Sacred contains a paradox inherited from Latin. The ancestor word sacer meant both 'holy' and 'accursed'. This was not a contradiction — it was a description. Something sacer was set apart from the ordinary world, removed from human use. Whether it was set apart for honour or for punishment was secondary to the act of separation itself.
The Roman concept of homo sacer illustrates this perfectly. A person declared sacer could be killed by anyone without legal consequence, yet could not be sacrificed to the gods. They existed outside both human law and divine ritual — set apart in the fullest sense.
From sacer came sacrāre ('to make sacred'), sacrifice ('to make something sacred by offering it'), sacrament ('a sacred act'), and sacrilege ('theft from a sacred place'). Saint comes from the related Latin sanctus — also meaning 'set apart, holy'.
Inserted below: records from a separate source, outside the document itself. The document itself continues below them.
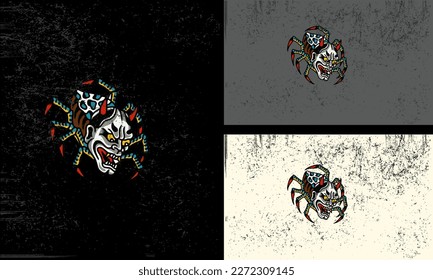 spider with head devil vector illustration mascot design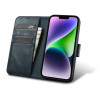 iCarer Oil Wax Wallet Case 2in1 iPhone 14 Plus dėklas su atvartu iš odos, Anti-RFID, mėlynas (WMI14220723-BU)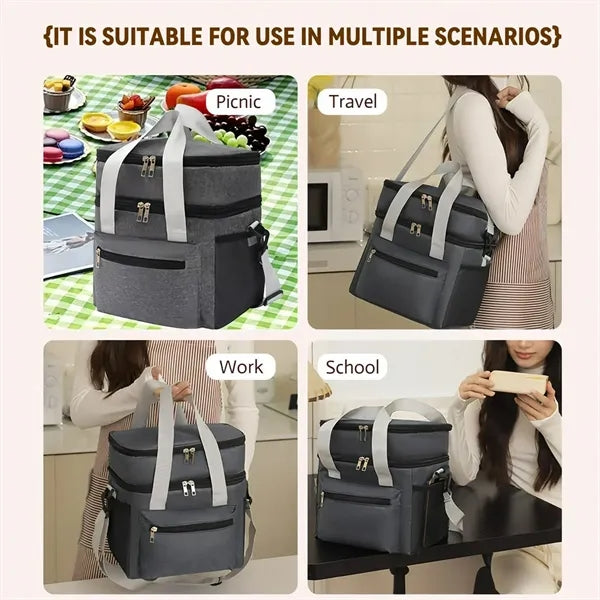 Travel Large-Capacity Insulated Double-Layer Lunch Box Bag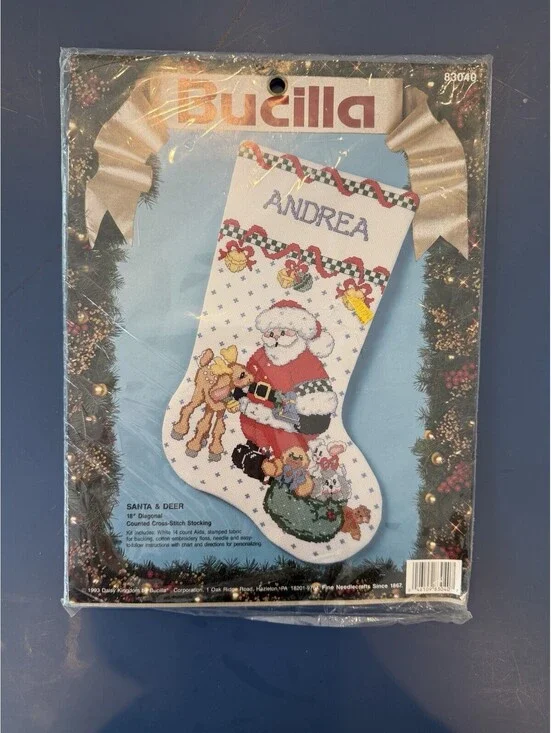 Vintage 1993 Bucilla Santa And Deer Cross Stitch Stocking New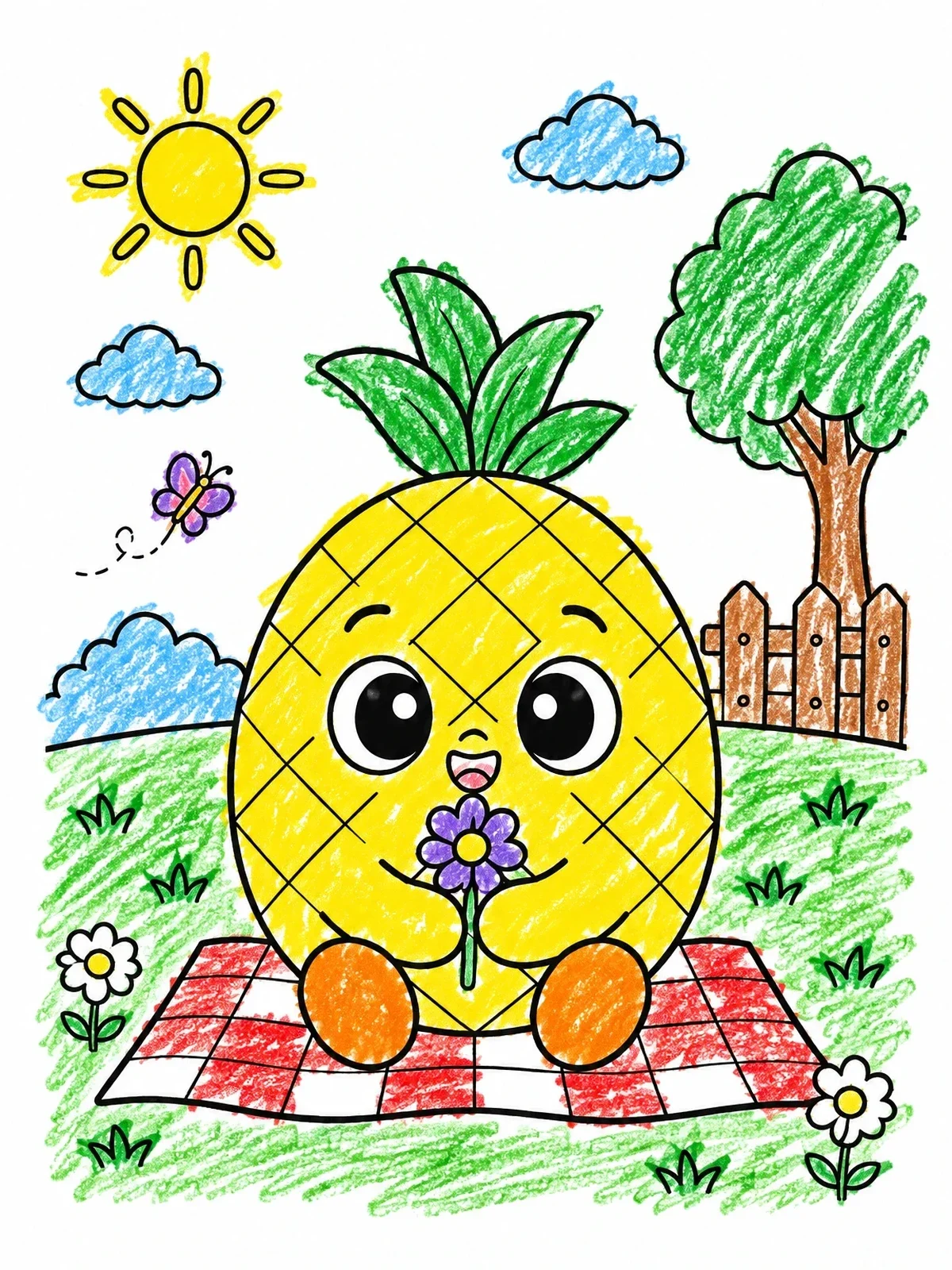 Colored example of the Cute Pineapple On A Picnic coloring page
The word entered English via Old French sacré in the 14th century, by which time the 'accursed' sense had faded. Modern English sacred carries only the positive meaning. But French preserves a trace of the duality: sacré is used as both a reverent term and a mild expletive — 'sacré bleu' being the famous example.
In secular use, sacred now means 'too important to tamper with'. A sacred tradition, a sacred right, a sacred space. The religious origin has loosened, but the core idea remains: that which is set apart.